AIM OF THE TASK: Print the entries below exactly as they appear, from the first line up to and including the line with "Deshidratador De Alimentos". Do not print any pictures.

Records from a data source

---+---

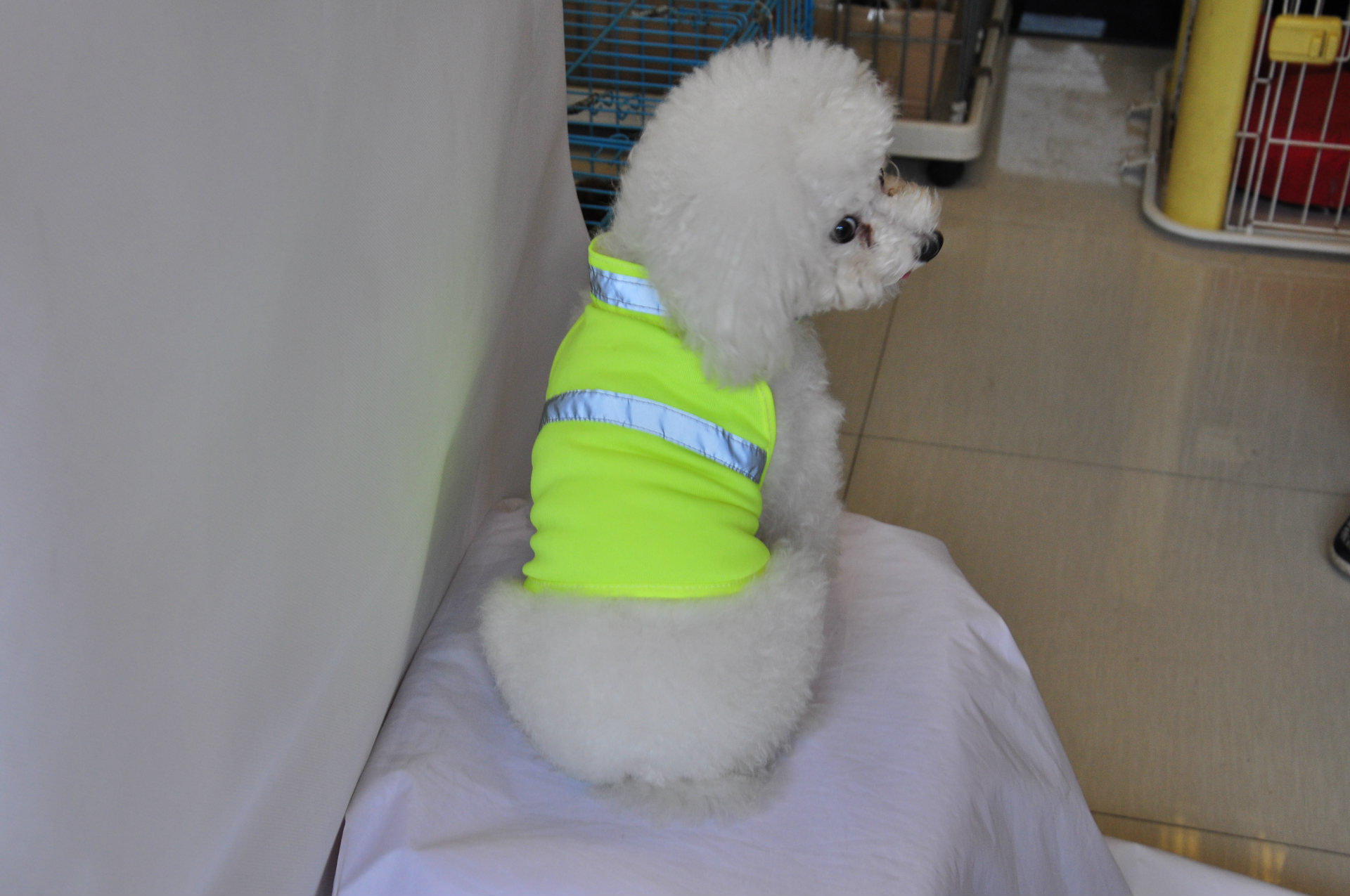 Title 4, Summer Pet Clothing Dog Reflective Clothing Wor...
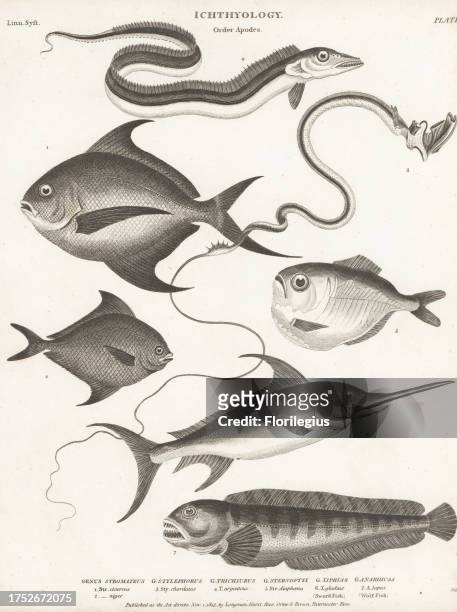 Pomfret, Pampus cinereus 1, black pomfret, Parastromateus niger 2, tube-eye or thread-tail, Stylephorus chordatus 3, largehead hairtail, Trichiurus...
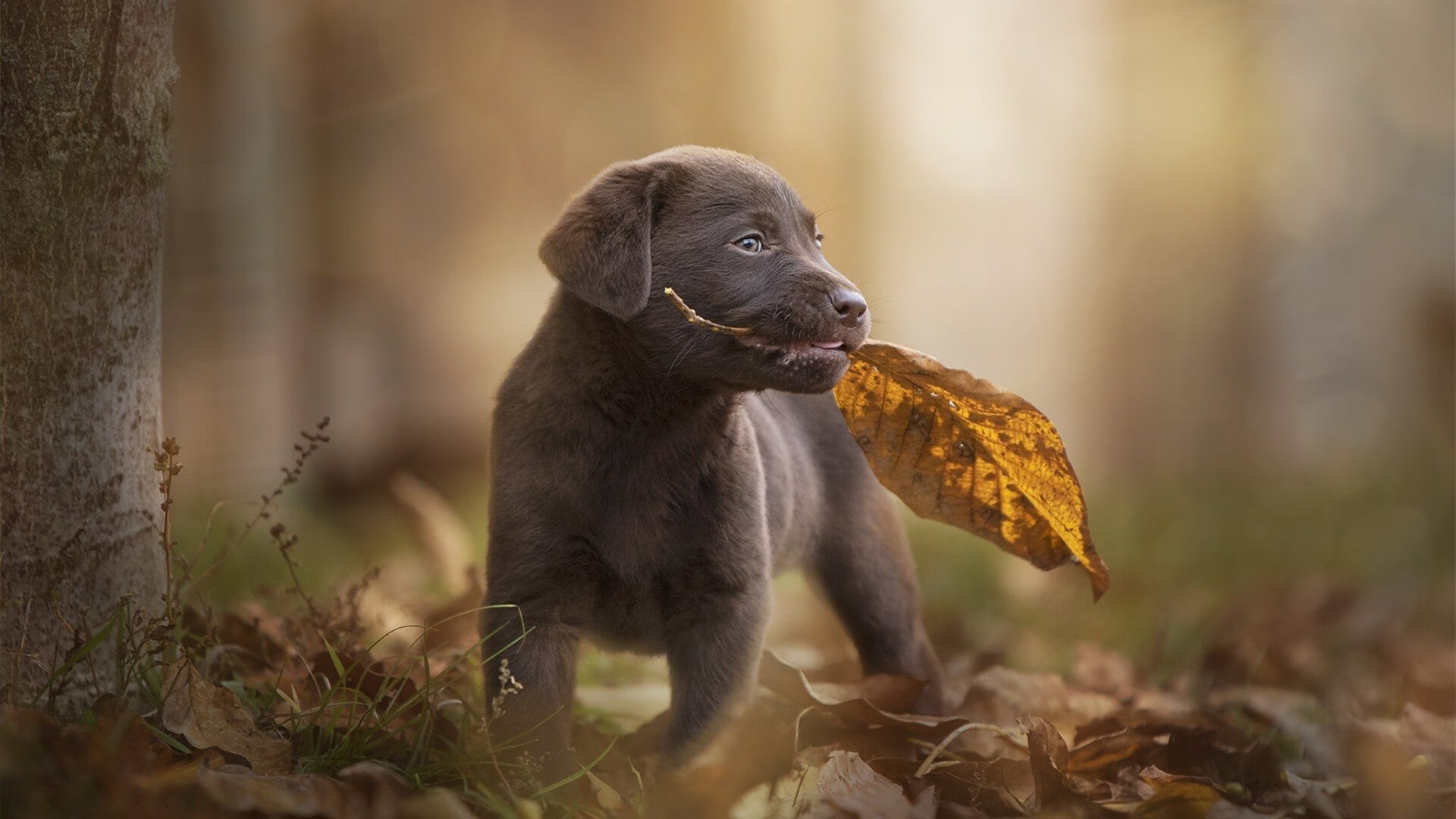 JIUYOU GAMING-重大比赛期间交通管制影响球迷出行，主办方发布指引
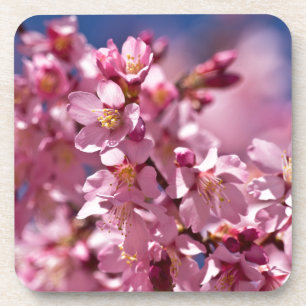 Dessous-de-verre Sakura Cherry Blossoms embrassés par Sunlight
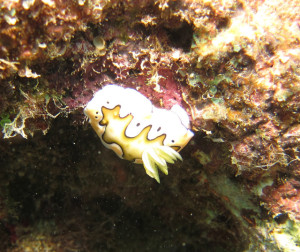 沖縄　ダイビング　砂辺　体験ダイビング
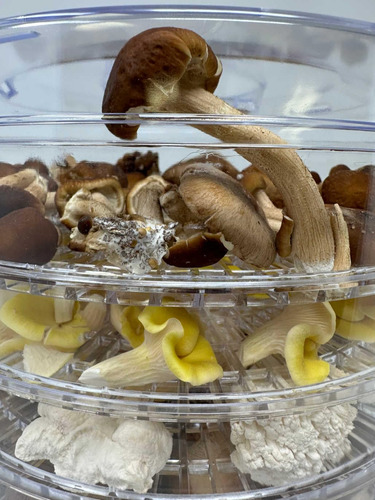 Deshidratador De Alimentos Hongos De Temperatura Ajustable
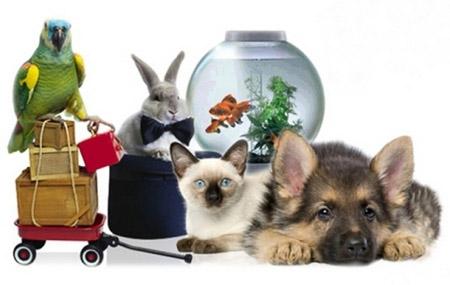 Зоотовары.com” – интернет магазин в Киеве | Уход за кошками и уход за собаками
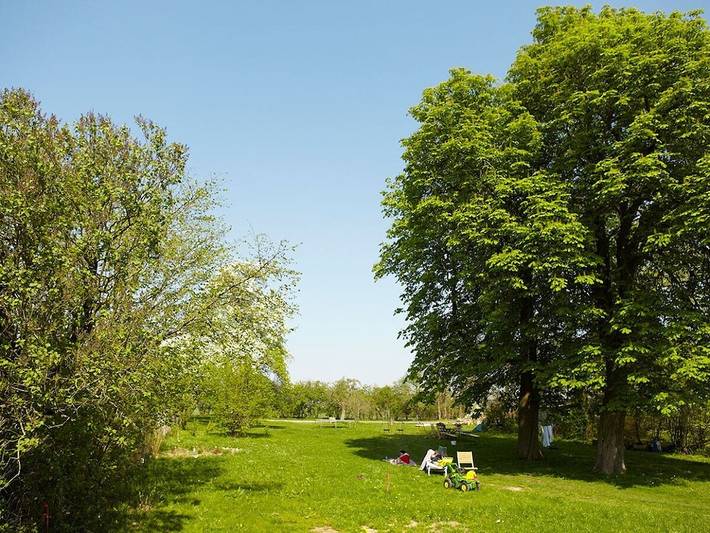 Ferienhaus für 8 Personen, mit Garten in Walow - 2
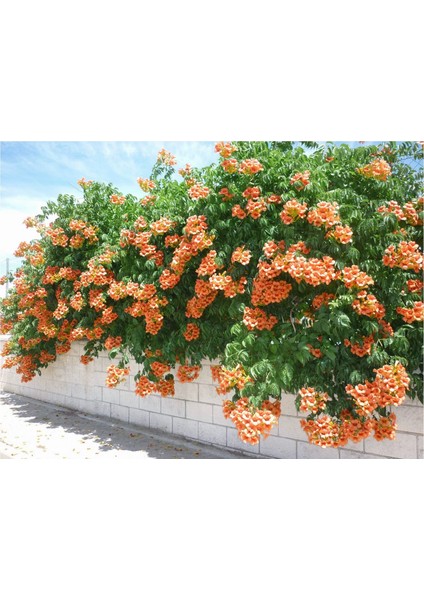 Lala Ahmet Botanik 9'lu Acem Burusu Sarmaşığı Campsis Radicans 40-60 Cm. Torbada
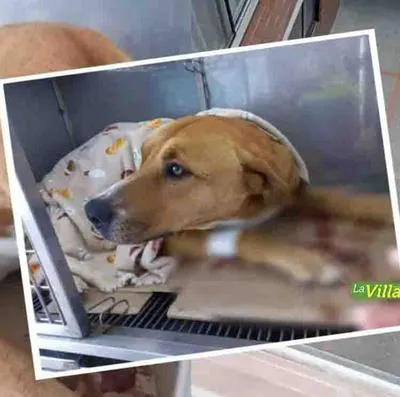 Ubaté: lanzaron a perra desde un cuarto piso, en nuevo caso de maltrato animal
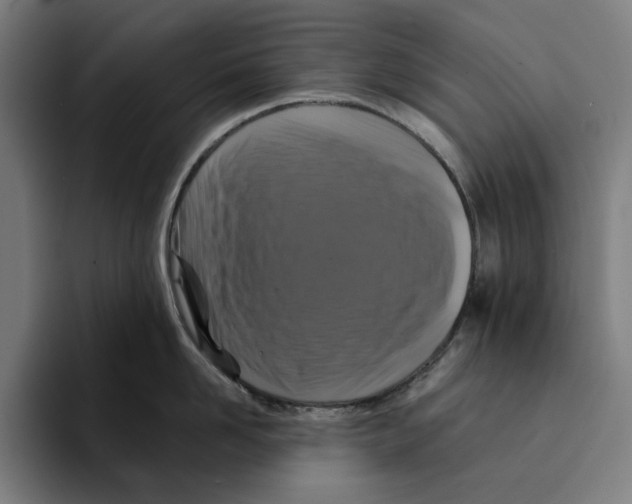 X0000094900958200712271450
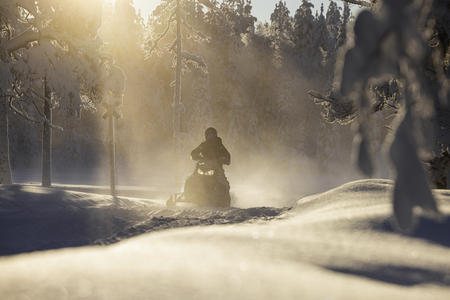 Mit dem Motorschlitten durch den Winterwald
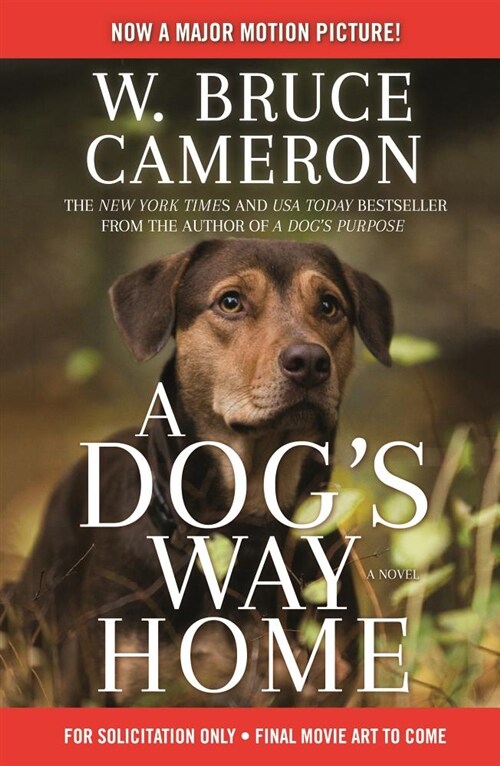 [중고] A Dog‘s Way Home Movie Tie-In (Paperback)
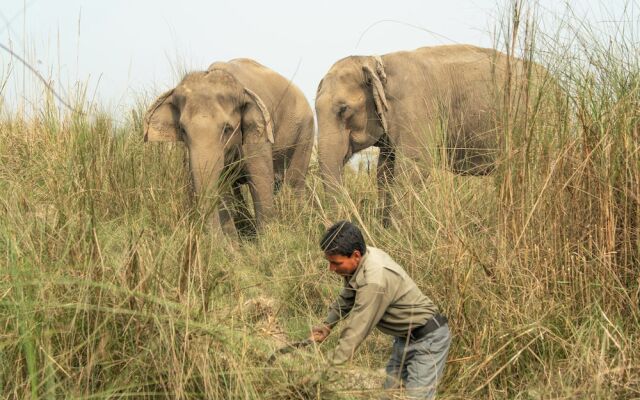 Tiger Tops Tharu Lodge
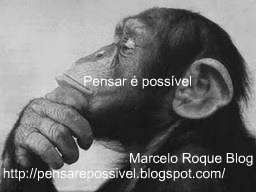Marcelo Roque, Blog Novo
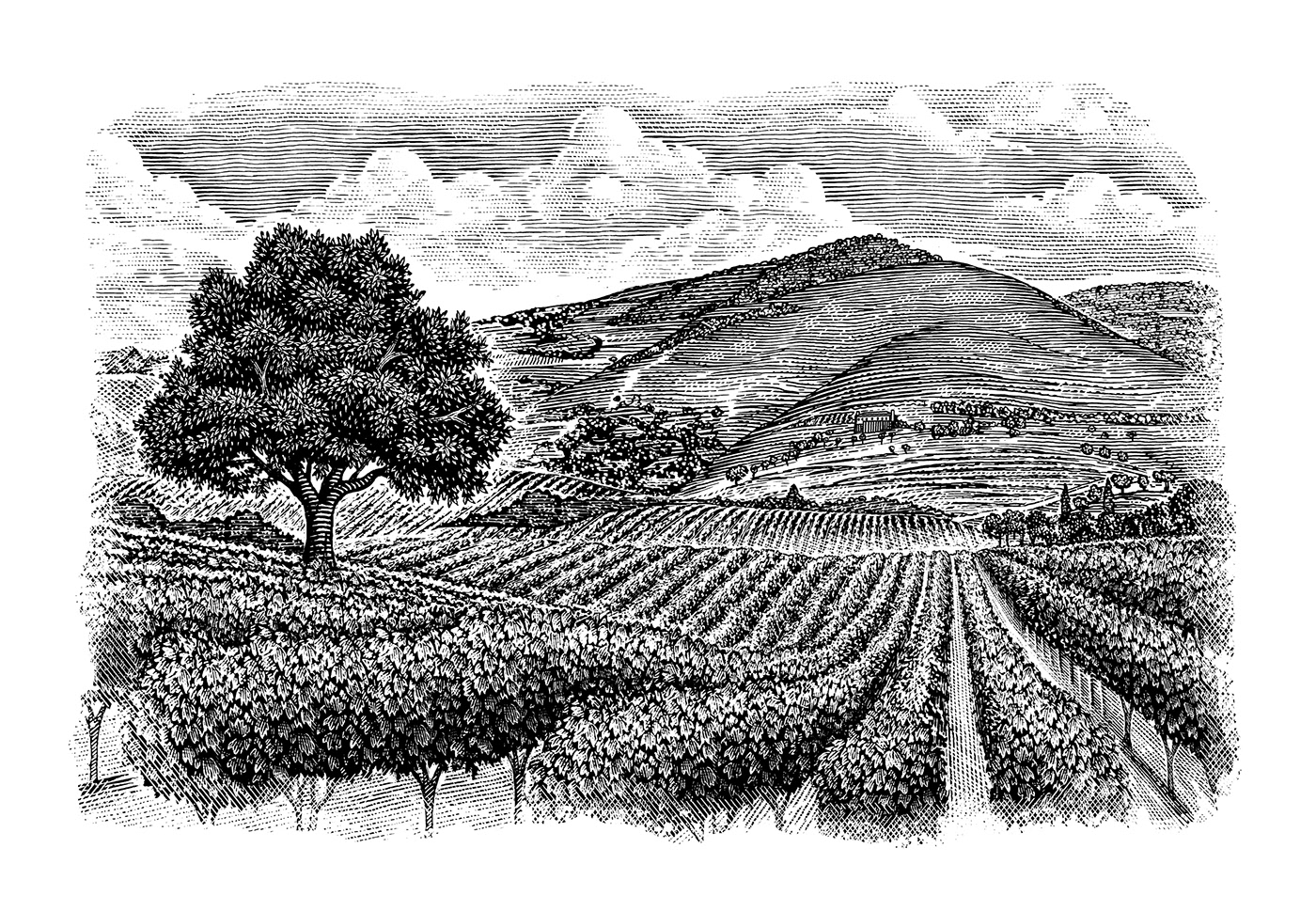Vineyard Landscape Illustrations by Steven Noble on Behance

---+---

THE COMPLETED TASK:
 Title 4, Summer Pet Clothing Dog Reflective Clothing Wor...
 Pomfret, Pampus cinereus 1, black pomfret, Parastromateus niger 2, tube-eye or thread-tail, Stylephorus chordatus 3, largehead hairtail, Trichiurus...
 JIUYOU GAMING-重大比赛期间交通管制影响球迷出行，主办方发布指引
 Dessous-de-verre Sakura Cherry Blossoms embrassés par Sunlight
 沖縄　ダイビング　砂辺　体験ダイビング
 Deshidratador De Alimentos Hongos De Temperatura Ajustable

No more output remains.